Kauffman, who had a doctorate in sociology, served on the Goshen College faculty from 1948 until his retirement in 1985, during which he wrote a book and was chair of the Department of Sociology and Cultural Anthropology for many of those years.
Kauffman was born Oct. 4, 1919 in West Liberty, Ohio, to Earl V. and Mary Ann (Smucker) Kauffman.
Kauffman came to Goshen in 1939 to attend Goshen College. After graduating in 1947 and serving in Civilian Public Service from 1941 to 1945, he earned a master’s degree in rural sociology from Michigan State University and began teaching in Goshen College’s sociology department in 1948. After taking a leave of absence from 1954 to 1955 to study at the University of Chicago, he received a doctorate in sociology in 1960.
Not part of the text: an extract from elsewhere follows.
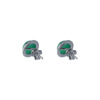 TOMEI Green Jade Circular Earrings, White Gold 750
During his tenure, Kauffman introduced thousands of students to basic social science research methods and contributed his own research and scholarship to the understanding of family and community, particularly within the contexts of the Mennonite Church and the larger societal trend toward urbanization. In collaboration with colleagues Leland Harder and Leo Driedger, Kauffman researched and wrote two books about the beliefs and social patterns of Mennonites: “Anabaptists Four Centuries Later” (1975) and “The Mennonite Mosaic” (1991).
Kauffman was a member of College Mennonite Church. He was also active in many organizations, including the Indiana Council on Family Relations, the National Council on Family Relations, the National Council of Churches, the Mennonite Historical Society and The Mennonite Quarterly Review. He conducted family life seminars on behalf of the World Council of Churches in Barbados, Ghana and Botswana. Kauffman led groups of Goshen College students on Study-Service Terms in Belize in 1974-75 and China in 1981.
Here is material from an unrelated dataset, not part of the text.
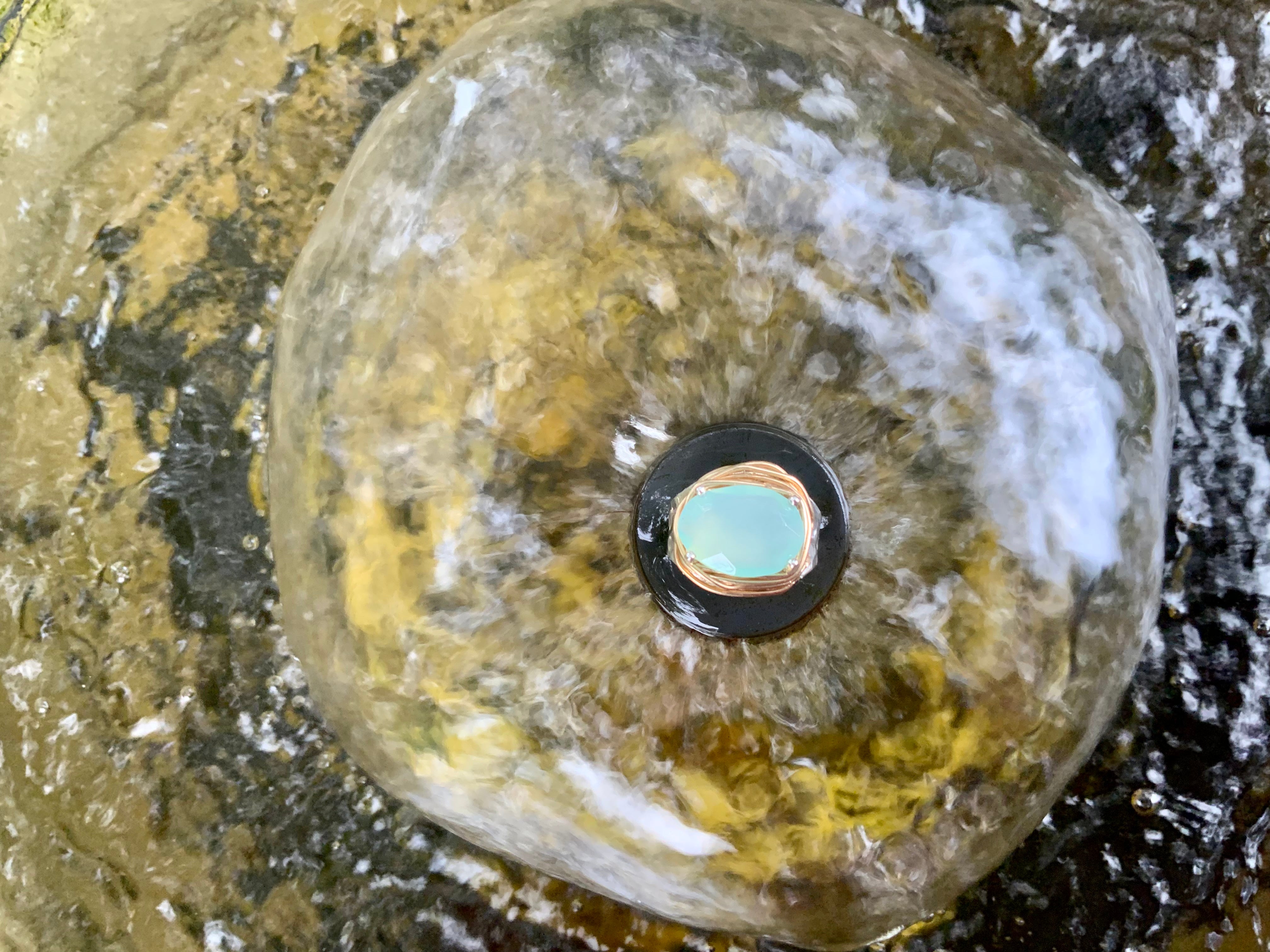 Aqua Chalcedony Ring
He married Verda P. Lambright, a fellow Goshen College student from Shipshewana, Ind., Nov. 26, 1944, and she survives him.
He is also survived by four daughters, Lois Kauffman of New York City, Ruth (Nelson) Shantz of Ann Arbor, Mich., Alice (Craig) Hofheimer of Brooklyn, N.Y., and Carol (Walter) Poling of Greensboro, N.C.; one brother, Ellsworth (Irene) Kauffman of Wichita, Kan.; and nine grandchildren. He was preceded in death by his parents and a sister, Wanda Wideman.
Visitation will be Nov. 20 from 2 to 4 p.m. and 6-8:30 p.m. in the Koinonia Room of College Mennonite Church. Family and friends will gather at 9 a.m. Nov. 21 for a processional to Violett Cemetery for the committal service. The memorial service will be at 11 a.m. in College Mennonite Church, where Revs. Klaudia Smucker and Firman Gingerich will officiate. Memorials may be made to the Mennonite Historical Society, Greencroft Foundation or Goshen Care at Home Hospice.